If there’s one place where prepared text is a good idea, though, it’s the initial hook. There’s a whole lot of information about the basic constraints of the game that you need to get across in a very short time. On a really good day, you’ll have the players’ attention for about two minutes. The ideal is to give just enough information that the players respond with a couple of questions. That is instant engagement that allows for the players to step in and begin to take control of the game. The opening hook is sort of a necessary evil, but it’s still an evil. The game master can just put it out there and then step away as quick as possible!
Here’s an example:
You set sail from Major Port City in search of fabled treasure, but ended up shipwrecked in a strange new country. The Momerati– builders of many fantastic, towering spires– seem friendly enough and are both advanced and civilized. But now that they’ve helped you repair your vessel, they have a modest proposal for you…. You see, goblin raiders have been harassing their coastal cities for some time now. They’d like you to attend to them and in return, they offer you all the supplies you need for you trip back– and a full load of trade goods.
This is not a novel. This is a hand off. Note that I didn’t bother answering any of the “how come?” type questions. How come these advanced people need a ragtag group of adventurers to go after some wimpy goblins? How come goblins are such a problem here anyway? How come the offer is so generous…? Players will hopefully respond to this with additional questions about the campaign setting in general. They may ask what the town they’re in is like and so forth. Try to answer these in just a sentence or two– don’t give in to the temptation to launch into flowery monologues.
For the questions that are tied more closely to the details of the adventure, you may want to use the device of a patron to convey answers to the players….
While it is true that the truly great adventures all begin with the little old man handing the player characters a treasure map at the local tavern, there is, of course, more than one way to do it. A good patron character gives the game master a way to justify the adventure and give the player characters whatever they need to get started.

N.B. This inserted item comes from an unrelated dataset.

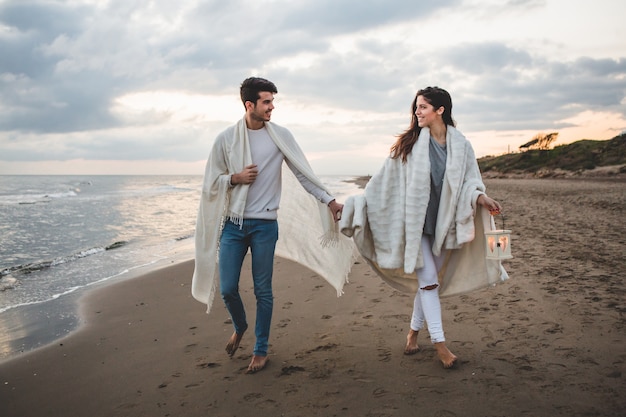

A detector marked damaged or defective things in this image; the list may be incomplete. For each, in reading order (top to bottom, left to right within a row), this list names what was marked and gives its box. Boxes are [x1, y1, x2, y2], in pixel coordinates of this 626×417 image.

ripped pants [410, 236, 444, 342]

A patron also provides an avenue for the game master to shift from an omniscient voice to speaking more in the context of the game and in the perspective of its non-player characters.
Patrons will have their own motives and are liable to be incorrect about the finer points of the information they give. If you are starting a brand new campaign, you will want them to appear as reliable and as trustworthy as possible. If play continues, you’ll be able to introduce more than one patron representing conflicting interests from levels of power and influence above that of the players. The players will ultimately get to choose which faction they help or perhaps even become a power in their own right. For an introductory adventure, however, all you’ll need is a means of facilitating the adventure.
It’s conceivable that the players are so gung ho about diving in that they push to go directly to the action without consulting this character. This is fine, but they are liable to find out a few things the hard way. In any case, you don’t want the patron chasing after the players to give advice. If the players happen to fall on their faces and come back to town empty handed, you can always introduce the patron at that point in order to get the game back on track. Ideally you should never be afraid to let the players take control of the pacing and the depth with which they engage the setting.
Here’s an example:
Balthazar is a satrap of the northern province. He has been chosen as a representative of his people because of natural ability to master languages. After a couple of weeks, he seems to speak fairly decent common… though his vocabulary is necessarily limited at this point. He indicates that the goblins have four ships and that they are armed with some kind of fire-rain.
That will hopefully get the players asking some clarifying questions!
Note one trick here… if they players ask something the game master hasn’t prepared for, he can always just say, “Balthazar doesn’t understand what you mean.” If play continues in further sessions, the game master will have time to flesh things out… and the patron’s fluency can grow right along with the player’s and the game master’s. For everything else, though, don’t be afraid to allow him to say or provide anything that helps get the game going!